Leaving candles out in the open on your steps or even inside pumpkins can pose a risk. The National Fire Protection Agency says that Halloween is one of the top five days for candle fires. I have a battery operated LED pillar candle that fits perfectly inside my pumpkin. It still flickers and glows like a normal candle does, but it’s way safer around the little witches and vampires that grace my front steps on Halloween night. If you insist on using real candles, make sure they’re kept away from drapes or anything that could catch fire. Also, make sure any store bought costumes, wigs and masks are flame retardant. It should clearly state that on the label. If you can’t find any label saying that it’s flame retardant, leave it on the shelf.

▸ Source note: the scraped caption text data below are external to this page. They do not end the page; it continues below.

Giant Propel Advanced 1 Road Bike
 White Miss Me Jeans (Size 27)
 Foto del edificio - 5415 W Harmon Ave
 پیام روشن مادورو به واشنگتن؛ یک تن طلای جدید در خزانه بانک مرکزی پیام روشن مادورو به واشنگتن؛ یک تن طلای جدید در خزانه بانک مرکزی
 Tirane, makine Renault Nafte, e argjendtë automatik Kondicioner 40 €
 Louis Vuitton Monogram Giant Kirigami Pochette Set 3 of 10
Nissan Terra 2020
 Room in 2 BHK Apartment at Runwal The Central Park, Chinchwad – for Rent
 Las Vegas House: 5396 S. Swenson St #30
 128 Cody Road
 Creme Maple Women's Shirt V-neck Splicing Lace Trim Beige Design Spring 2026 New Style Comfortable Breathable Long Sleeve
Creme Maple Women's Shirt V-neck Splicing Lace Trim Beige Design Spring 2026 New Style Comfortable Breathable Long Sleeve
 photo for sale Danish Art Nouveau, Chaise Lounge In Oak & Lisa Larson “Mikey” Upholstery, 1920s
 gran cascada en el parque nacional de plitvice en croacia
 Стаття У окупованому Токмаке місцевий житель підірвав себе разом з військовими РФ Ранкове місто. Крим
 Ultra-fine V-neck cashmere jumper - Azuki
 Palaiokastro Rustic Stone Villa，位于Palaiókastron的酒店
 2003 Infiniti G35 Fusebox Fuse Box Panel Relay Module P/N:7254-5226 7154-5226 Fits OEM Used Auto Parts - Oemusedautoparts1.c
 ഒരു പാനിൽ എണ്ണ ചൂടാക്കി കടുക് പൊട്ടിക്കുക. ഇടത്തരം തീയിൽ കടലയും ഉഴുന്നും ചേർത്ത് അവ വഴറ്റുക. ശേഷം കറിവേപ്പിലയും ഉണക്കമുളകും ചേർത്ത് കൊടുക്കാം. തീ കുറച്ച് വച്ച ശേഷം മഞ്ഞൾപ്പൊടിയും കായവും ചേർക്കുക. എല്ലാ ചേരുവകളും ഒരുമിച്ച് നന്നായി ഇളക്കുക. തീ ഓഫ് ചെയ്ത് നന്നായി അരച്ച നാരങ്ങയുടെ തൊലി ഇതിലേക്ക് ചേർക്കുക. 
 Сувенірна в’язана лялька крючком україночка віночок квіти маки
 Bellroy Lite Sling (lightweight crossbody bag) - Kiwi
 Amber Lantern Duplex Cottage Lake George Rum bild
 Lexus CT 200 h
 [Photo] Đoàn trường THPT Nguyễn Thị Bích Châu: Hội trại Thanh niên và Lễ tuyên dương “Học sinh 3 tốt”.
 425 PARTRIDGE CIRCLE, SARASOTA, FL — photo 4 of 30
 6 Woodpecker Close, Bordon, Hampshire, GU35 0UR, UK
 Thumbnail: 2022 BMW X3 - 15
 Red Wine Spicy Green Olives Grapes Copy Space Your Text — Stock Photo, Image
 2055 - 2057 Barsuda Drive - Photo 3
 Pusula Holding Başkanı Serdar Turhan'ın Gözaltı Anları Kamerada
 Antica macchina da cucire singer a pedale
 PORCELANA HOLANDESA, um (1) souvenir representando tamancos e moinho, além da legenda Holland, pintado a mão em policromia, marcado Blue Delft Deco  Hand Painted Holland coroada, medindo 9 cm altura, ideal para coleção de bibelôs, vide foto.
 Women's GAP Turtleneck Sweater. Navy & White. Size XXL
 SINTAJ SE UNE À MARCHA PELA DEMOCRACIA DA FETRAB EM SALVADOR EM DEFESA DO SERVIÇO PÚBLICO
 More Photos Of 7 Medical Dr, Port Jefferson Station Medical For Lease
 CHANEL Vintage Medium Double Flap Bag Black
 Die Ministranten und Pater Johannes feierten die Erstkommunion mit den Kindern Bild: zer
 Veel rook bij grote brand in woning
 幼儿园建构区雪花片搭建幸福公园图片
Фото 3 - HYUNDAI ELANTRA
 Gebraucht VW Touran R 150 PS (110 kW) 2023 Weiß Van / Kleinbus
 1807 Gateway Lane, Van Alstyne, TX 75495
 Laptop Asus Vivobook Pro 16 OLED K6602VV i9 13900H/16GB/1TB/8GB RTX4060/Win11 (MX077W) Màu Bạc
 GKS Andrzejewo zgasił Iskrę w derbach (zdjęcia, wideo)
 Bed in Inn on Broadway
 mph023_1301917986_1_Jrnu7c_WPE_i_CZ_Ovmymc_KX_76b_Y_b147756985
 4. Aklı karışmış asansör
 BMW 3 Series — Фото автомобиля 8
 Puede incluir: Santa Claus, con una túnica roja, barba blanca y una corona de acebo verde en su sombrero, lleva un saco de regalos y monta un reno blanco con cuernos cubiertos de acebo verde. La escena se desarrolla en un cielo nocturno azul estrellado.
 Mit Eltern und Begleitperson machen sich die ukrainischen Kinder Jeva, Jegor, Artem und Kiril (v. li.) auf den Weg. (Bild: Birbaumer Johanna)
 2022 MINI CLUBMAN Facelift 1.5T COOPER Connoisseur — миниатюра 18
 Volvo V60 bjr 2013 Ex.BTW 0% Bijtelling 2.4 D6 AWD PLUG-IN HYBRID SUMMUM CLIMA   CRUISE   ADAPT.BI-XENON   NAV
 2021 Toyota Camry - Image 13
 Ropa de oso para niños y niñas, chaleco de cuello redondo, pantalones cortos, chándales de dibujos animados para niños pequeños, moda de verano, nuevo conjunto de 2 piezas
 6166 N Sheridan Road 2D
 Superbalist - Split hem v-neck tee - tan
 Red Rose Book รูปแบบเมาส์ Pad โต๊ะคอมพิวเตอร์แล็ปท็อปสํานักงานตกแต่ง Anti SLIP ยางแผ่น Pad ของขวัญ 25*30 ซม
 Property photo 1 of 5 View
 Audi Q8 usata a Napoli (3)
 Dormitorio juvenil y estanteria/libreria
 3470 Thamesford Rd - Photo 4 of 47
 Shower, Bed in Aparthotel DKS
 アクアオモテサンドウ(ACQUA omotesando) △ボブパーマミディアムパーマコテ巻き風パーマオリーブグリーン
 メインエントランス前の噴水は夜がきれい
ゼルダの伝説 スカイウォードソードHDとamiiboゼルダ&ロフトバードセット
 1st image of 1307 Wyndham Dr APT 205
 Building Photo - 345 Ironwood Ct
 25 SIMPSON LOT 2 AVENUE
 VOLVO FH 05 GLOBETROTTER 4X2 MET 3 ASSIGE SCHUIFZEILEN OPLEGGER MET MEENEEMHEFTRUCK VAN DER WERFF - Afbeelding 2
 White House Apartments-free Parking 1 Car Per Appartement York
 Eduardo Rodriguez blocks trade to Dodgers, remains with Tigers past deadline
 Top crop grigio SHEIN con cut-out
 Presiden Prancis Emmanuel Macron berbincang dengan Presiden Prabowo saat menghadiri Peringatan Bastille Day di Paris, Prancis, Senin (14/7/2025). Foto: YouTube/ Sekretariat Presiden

As important as it is to pay attention to pedestrians when you’re driving, it’s also super important as an adult to make sure kids pay attention to cars when they’re walking. Safe Kids Worldwide states that on average, children are more than twice as likely to be hit by a car and killed on Halloween as on any other day of the year. They urge parents to have everyone in the group carry a glow stick or a flashlight. If you’re going to be staying home and doling out the goodies, before trick or treat time, make sure your yard is safe. Put away any tripping hazards such as lawn ornaments, garden hoses, electrical cords and bikes. Make sure your outside lights are bright enough to see. If they’re dim or burned out, replace them before dark.


If you have a particularly large or easily excitable dog that may scare kids away or a curious cat that may run out the door, make sure they’re in a safe location. Also, keep candy away from dogs and cats. Especially chocolate. Chocolate is deadly for pets.